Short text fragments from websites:
==================================================

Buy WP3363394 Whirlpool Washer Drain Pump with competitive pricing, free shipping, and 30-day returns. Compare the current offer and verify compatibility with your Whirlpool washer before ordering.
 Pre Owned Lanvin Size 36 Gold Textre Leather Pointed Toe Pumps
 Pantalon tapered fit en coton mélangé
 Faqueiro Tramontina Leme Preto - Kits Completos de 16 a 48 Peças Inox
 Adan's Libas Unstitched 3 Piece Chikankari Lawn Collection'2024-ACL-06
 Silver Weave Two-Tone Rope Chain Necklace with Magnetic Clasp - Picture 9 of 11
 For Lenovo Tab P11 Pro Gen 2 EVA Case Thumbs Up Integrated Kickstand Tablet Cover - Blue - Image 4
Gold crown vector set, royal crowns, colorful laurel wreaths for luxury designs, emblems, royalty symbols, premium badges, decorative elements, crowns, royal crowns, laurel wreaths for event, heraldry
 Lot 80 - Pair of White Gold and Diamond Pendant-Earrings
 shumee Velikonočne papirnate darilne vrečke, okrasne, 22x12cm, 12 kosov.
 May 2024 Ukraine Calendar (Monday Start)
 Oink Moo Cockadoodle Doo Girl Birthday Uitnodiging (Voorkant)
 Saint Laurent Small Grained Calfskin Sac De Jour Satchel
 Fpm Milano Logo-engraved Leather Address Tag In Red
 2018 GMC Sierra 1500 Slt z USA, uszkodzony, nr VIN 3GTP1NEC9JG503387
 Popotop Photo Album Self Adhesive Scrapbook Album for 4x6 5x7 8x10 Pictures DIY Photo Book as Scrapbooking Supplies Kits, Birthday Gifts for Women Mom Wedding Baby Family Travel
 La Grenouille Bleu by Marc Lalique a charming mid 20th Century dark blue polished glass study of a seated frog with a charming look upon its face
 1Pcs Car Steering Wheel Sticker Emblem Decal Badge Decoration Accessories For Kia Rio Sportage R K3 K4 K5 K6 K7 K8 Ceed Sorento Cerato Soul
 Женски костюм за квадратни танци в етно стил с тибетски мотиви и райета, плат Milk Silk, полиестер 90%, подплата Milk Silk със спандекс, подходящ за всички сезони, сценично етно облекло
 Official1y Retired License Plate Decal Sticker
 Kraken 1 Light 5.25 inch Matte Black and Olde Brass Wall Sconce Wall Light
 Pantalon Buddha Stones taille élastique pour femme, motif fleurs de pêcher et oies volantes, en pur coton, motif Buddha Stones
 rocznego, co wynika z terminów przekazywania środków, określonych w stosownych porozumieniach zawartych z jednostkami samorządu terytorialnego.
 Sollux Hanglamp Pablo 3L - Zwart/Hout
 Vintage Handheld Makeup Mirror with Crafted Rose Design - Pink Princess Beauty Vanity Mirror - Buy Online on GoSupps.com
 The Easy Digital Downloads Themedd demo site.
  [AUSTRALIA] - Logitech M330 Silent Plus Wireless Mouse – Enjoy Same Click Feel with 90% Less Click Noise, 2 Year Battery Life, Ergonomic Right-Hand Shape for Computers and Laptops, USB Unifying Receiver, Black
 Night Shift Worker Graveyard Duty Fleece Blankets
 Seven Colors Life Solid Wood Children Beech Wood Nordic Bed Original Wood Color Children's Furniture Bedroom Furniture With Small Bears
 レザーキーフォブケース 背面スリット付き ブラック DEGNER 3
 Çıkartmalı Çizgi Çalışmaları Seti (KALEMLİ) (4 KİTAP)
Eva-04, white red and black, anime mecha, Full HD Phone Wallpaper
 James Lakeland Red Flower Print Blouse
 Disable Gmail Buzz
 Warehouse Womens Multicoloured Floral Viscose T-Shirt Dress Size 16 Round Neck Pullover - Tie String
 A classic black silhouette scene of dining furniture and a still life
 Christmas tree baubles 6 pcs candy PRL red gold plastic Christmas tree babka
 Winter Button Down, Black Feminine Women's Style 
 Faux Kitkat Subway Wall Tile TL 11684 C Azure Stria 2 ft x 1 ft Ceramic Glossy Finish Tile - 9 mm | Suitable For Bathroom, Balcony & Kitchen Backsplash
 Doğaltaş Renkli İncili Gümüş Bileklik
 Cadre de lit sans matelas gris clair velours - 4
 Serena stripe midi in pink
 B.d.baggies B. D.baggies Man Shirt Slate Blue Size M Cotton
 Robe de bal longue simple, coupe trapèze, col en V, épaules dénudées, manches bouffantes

==================================================

## Problem to solve:
Please print the records above exactly, leaving nothing out.

## Finished exercise:
Buy WP3363394 Whirlpool Washer Drain Pump with competitive pricing, free shipping, and 30-day returns. Compare the current offer and verify compatibility with your Whirlpool washer before ordering.
 Pre Owned Lanvin Size 36 Gold Textre Leather Pointed Toe Pumps
 Pantalon tapered fit en coton mélangé
 Faqueiro Tramontina Leme Preto - Kits Completos de 16 a 48 Peças Inox
 Adan's Libas Unstitched 3 Piece Chikankari Lawn Collection'2024-ACL-06
 Silver Weave Two-Tone Rope Chain Necklace with Magnetic Clasp - Picture 9 of 11
 For Lenovo Tab P11 Pro Gen 2 EVA Case Thumbs Up Integrated Kickstand Tablet Cover - Blue - Image 4
Gold crown vector set, royal crowns, colorful laurel wreaths for luxury designs, emblems, royalty symbols, premium badges, decorative elements, crowns, royal crowns, laurel wreaths for event, heraldry
 Lot 80 - Pair of White Gold and Diamond Pendant-Earrings
 shumee Velikonočne papirnate darilne vrečke, okrasne, 22x12cm, 12 kosov.
 May 2024 Ukraine Calendar (Monday Start)
 Oink Moo Cockadoodle Doo Girl Birthday Uitnodiging (Voorkant)
 Saint Laurent Small Grained Calfskin Sac De Jour Satchel
 Fpm Milano Logo-engraved Leather Address Tag In Red
 2018 GMC Sierra 1500 Slt z USA, uszkodzony, nr VIN 3GTP1NEC9JG503387
 Popotop Photo Album Self Adhesive Scrapbook Album for 4x6 5x7 8x10 Pictures DIY Photo Book as Scrapbooking Supplies Kits, Birthday Gifts for Women Mom Wedding Baby Family Travel
 La Grenouille Bleu by Marc Lalique a charming mid 20th Century dark blue polished glass study of a seated frog with a charming look upon its face
 1Pcs Car Steering Wheel Sticker Emblem Decal Badge Decoration Accessories For Kia Rio Sportage R K3 K4 K5 K6 K7 K8 Ceed Sorento Cerato Soul
 Женски костюм за квадратни танци в етно стил с тибетски мотиви и райета, плат Milk Silk, полиестер 90%, подплата Milk Silk със спандекс, подходящ за всички сезони, сценично етно облекло
 Official1y Retired License Plate Decal Sticker
 Kraken 1 Light 5.25 inch Matte Black and Olde Brass Wall Sconce Wall Light
 Pantalon Buddha Stones taille élastique pour femme, motif fleurs de pêcher et oies volantes, en pur coton, motif Buddha Stones
 rocznego, co wynika z terminów przekazywania środków, określonych w stosownych porozumieniach zawartych z jednostkami samorządu terytorialnego.
 Sollux Hanglamp Pablo 3L - Zwart/Hout
 Vintage Handheld Makeup Mirror with Crafted Rose Design - Pink Princess Beauty Vanity Mirror - Buy Online on GoSupps.com
 The Easy Digital Downloads Themedd demo site.
  [AUSTRALIA] - Logitech M330 Silent Plus Wireless Mouse – Enjoy Same Click Feel with 90% Less Click Noise, 2 Year Battery Life, Ergonomic Right-Hand Shape for Computers and Laptops, USB Unifying Receiver, Black
 Night Shift Worker Graveyard Duty Fleece Blankets
 Seven Colors Life Solid Wood Children Beech Wood Nordic Bed Original Wood Color Children's Furniture Bedroom Furniture With Small Bears
 レザーキーフォブケース 背面スリット付き ブラック DEGNER 3
 Çıkartmalı Çizgi Çalışmaları Seti (KALEMLİ) (4 KİTAP)
Eva-04, white red and black, anime mecha, Full HD Phone Wallpaper
 James Lakeland Red Flower Print Blouse
 Disable Gmail Buzz
 Warehouse Womens Multicoloured Floral Viscose T-Shirt Dress Size 16 Round Neck Pullover - Tie String
 A classic black silhouette scene of dining furniture and a still life
 Christmas tree baubles 6 pcs candy PRL red gold plastic Christmas tree babka
 Winter Button Down, Black Feminine Women's Style 
 Faux Kitkat Subway Wall Tile TL 11684 C Azure Stria 2 ft x 1 ft Ceramic Glossy Finish Tile - 9 mm | Suitable For Bathroom, Balcony & Kitchen Backsplash
 Doğaltaş Renkli İncili Gümüş Bileklik
 Cadre de lit sans matelas gris clair velours - 4
 Serena stripe midi in pink
 B.d.baggies B. D.baggies Man Shirt Slate Blue Size M Cotton
 Robe de bal longue simple, coupe trapèze, col en V, épaules dénudées, manches bouffantes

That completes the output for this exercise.